In the past few seasons we have seen more and more leadoff hitters that are slow and walk a lot, like Kyle Schwarber. But is this change for the better, or does it make teams worse?

To answer this question, we first have to define what an “ideal leadoff hitter” is. To me, an ideal leadoff hitter is a guy who can get on base and score a run. To others it’s just being fast, even though they might not be the best hitter.

If somebody thought that an ideal leadoff hitter to them was someone who is fast, then go ahead an leadoff Billy Hamilton. Why not put Byron Buxton or Mallex Smith at leadoff? They’re very fast.
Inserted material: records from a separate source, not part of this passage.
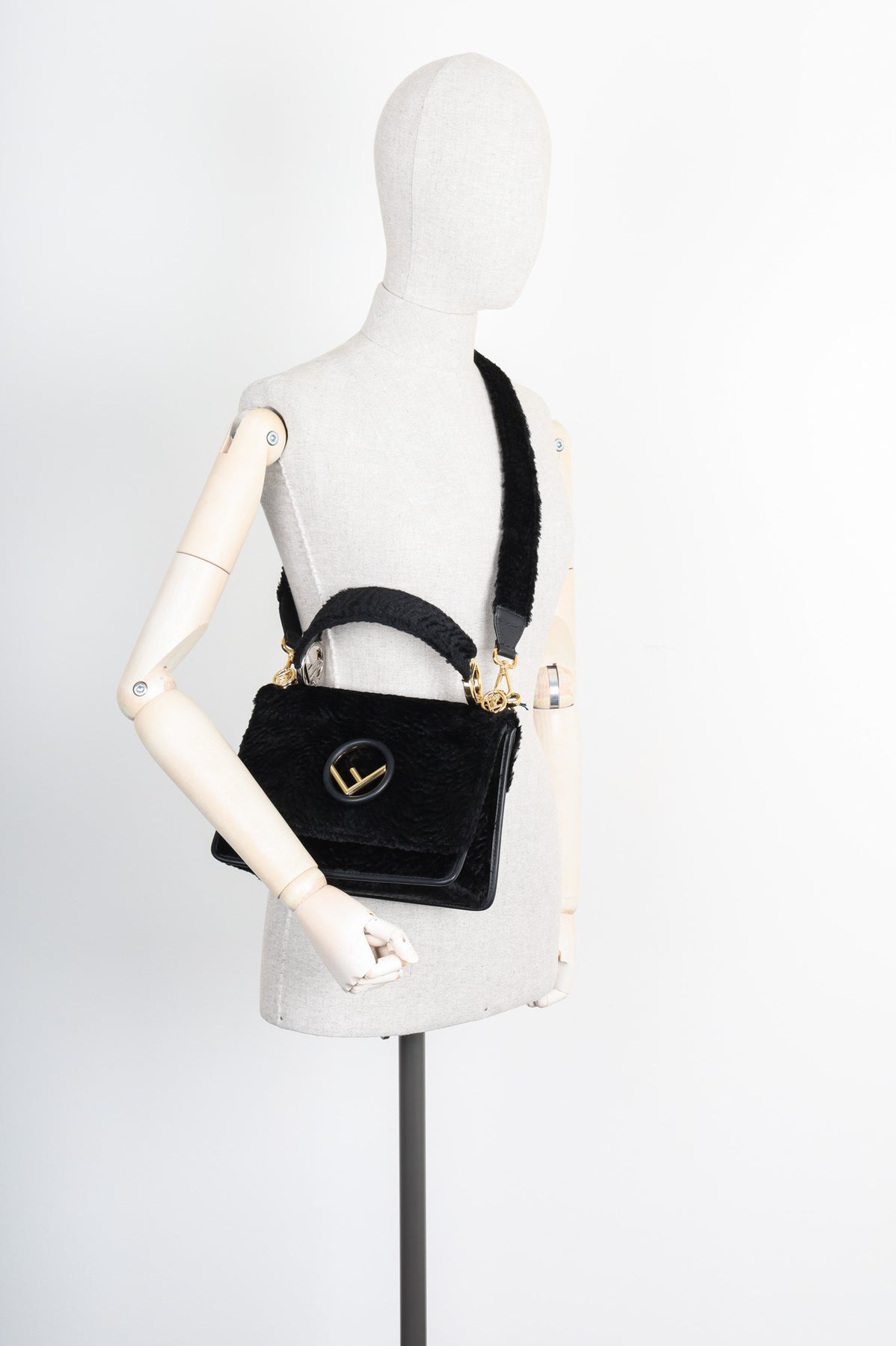 FENDI Kan IF Shoulder Bag Velvet Black – REAWAKE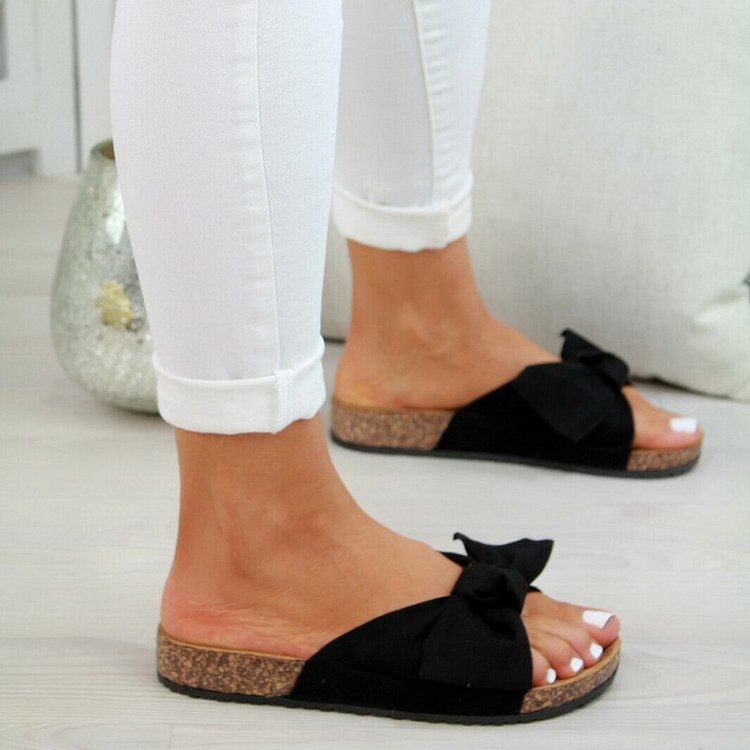 Elegant Orthopedic Sandals with a Modern Look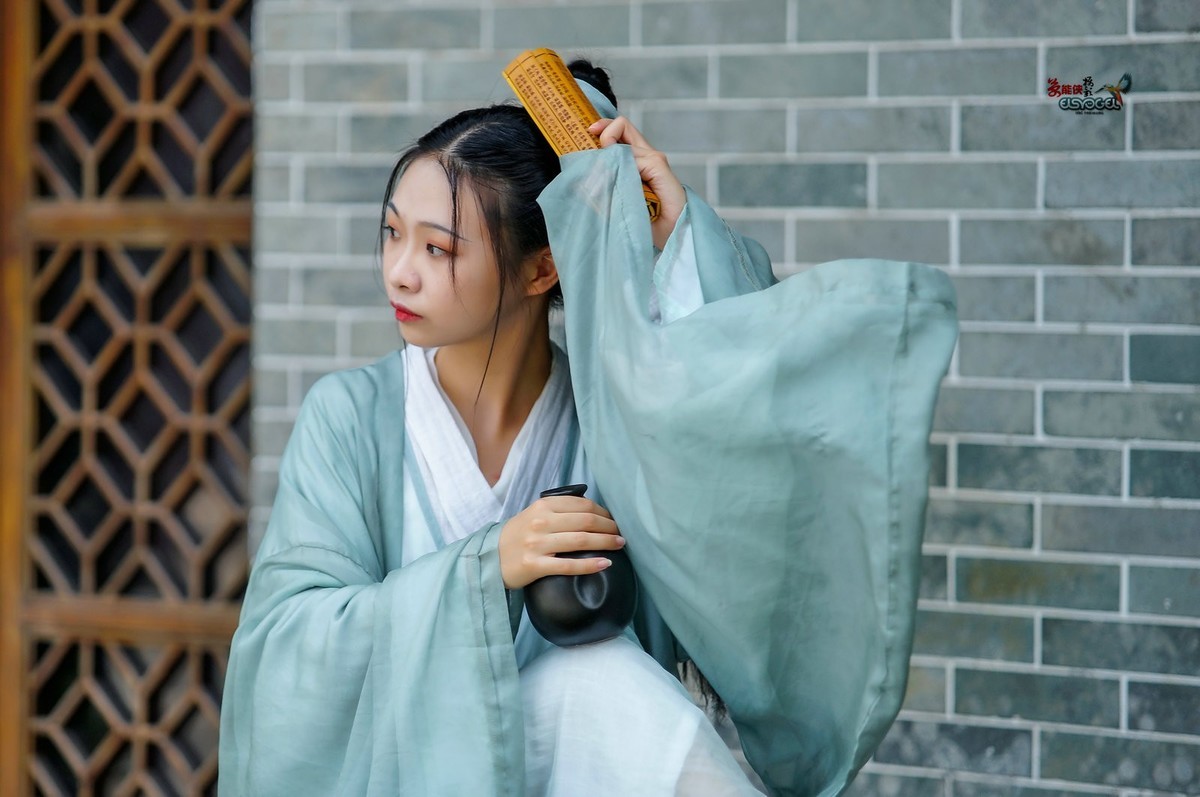 古风少女侠小陈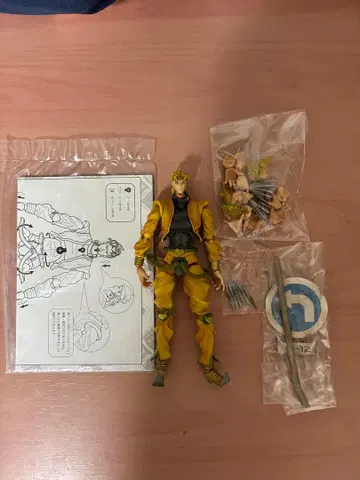 죠죠의 기묘한 모험 초상가동 DIO 디오 피규어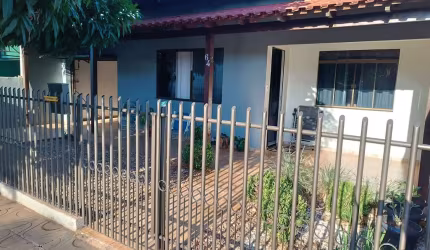 Casa no Jardim Líder, tendo 1 suíte e 2 quartos.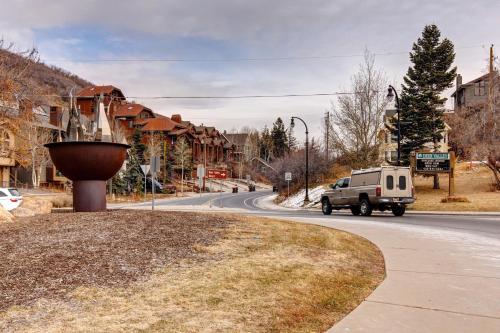 Round-A-Bout Retreat - image 11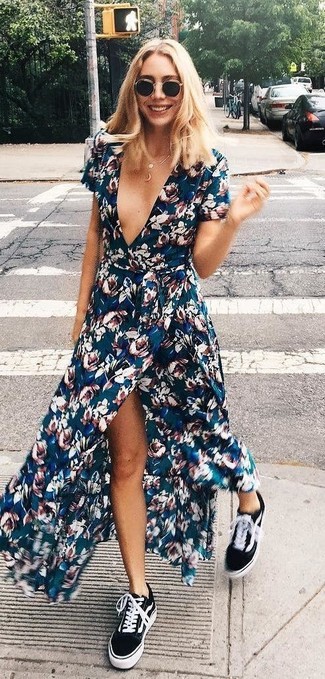 Floral Dress with Sneakers Outfits (19 ideas & outfits) | Lookastic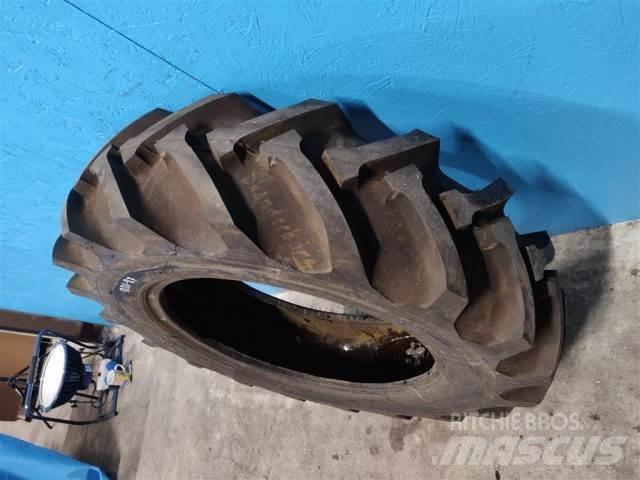 24 10-24 輪胎、車輪和輪圈
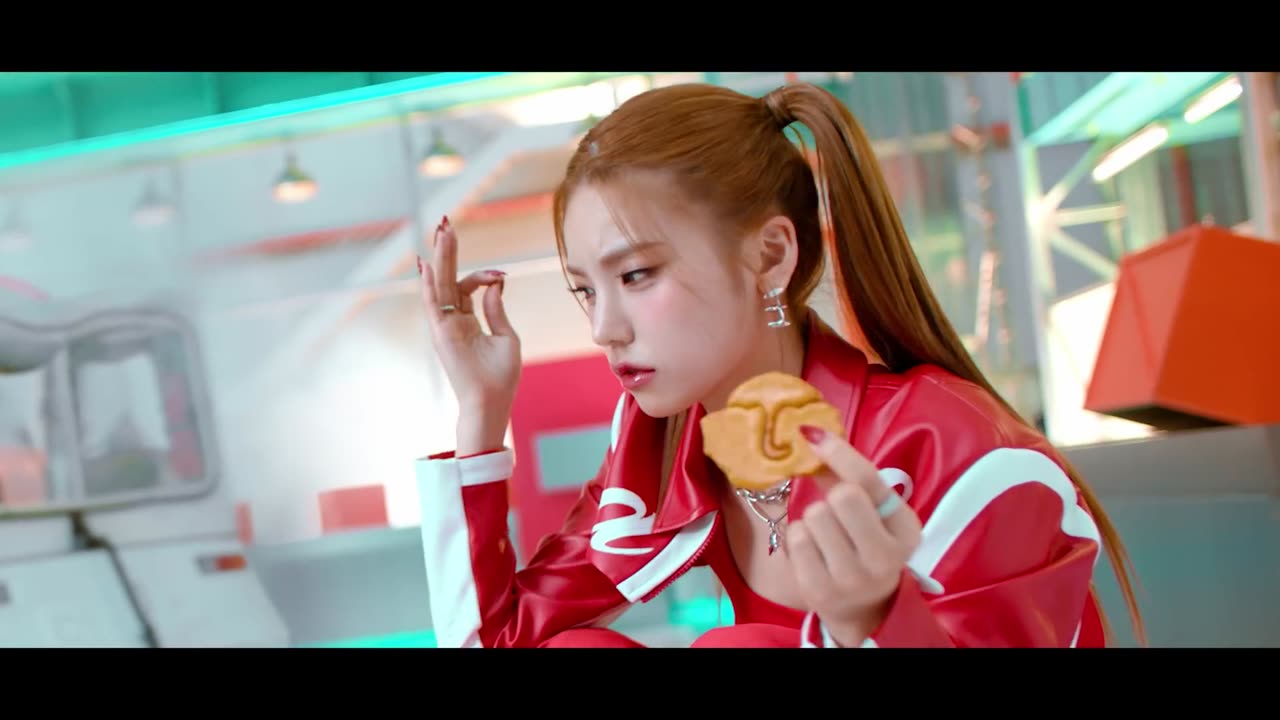 ITZY “CAKE” M/V @ITZY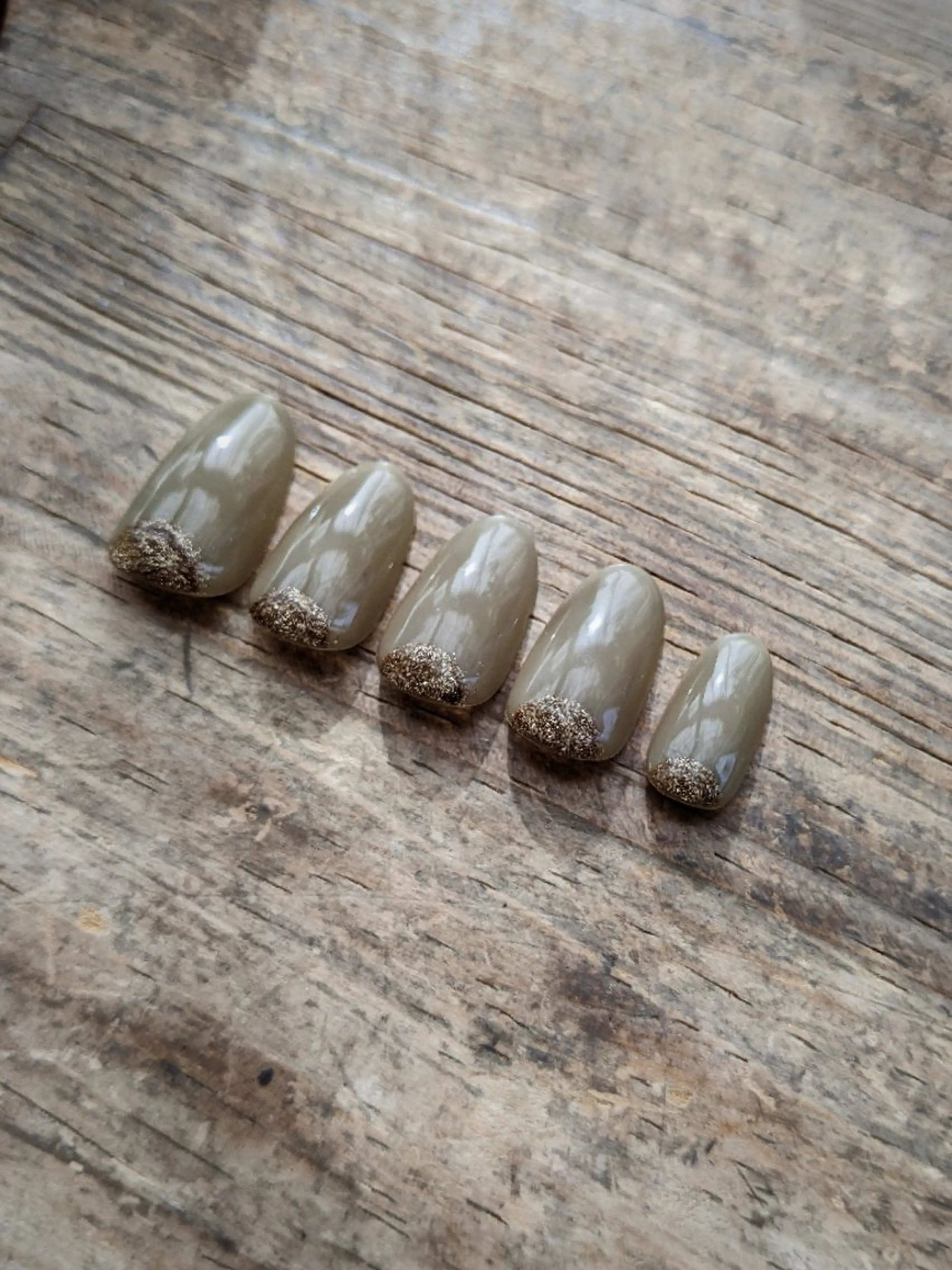 ネイル ゴールド シンプルネイル ハンドネイル LuN Nail Design Salon所属・Y Chisaのネイルデザイン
With speed usually comes a lack of on base skills. For example, Adalberto Mondesi is one of the fastest player in the league, yet his OBP was .291. Sure he’s fast, but he has an inability to get on base.

On the other hand, there’s a player like Kyle Schwarber that while not fast, can get on base very well. And generally, these players with higher walk totals also hit a lot of home runs. Schwarber had a .339 OBP in 2019, while also having 38 HR. Yes, he’s not fast be he gets on base. Schwarber’s most common spot in the order was leadoff. At first I didn’t understand, but as I gradually grew to appreciate OBP more and more, I realized that Kyle Schwarber should be leading off.

But then there’s the problem of not being fast. Being fast helps on the base paths if they get on, but they usually don’t. Like I said before, there’s a sacrifice. If a team does decided to bat a fast hitter first, then they will be able to advance from 1st base to 3rd base on a single whereas a slow leadoff man might not.

For me, the ideal leadoff hitter is someone who gets on base and is fast. Some examples are Trea Turner and Whit Merrifield.

But that doesn’t happen very often, so if I had to choose between a speed demon and a guy who gets on base, I’ll take the guy that gets on base every time.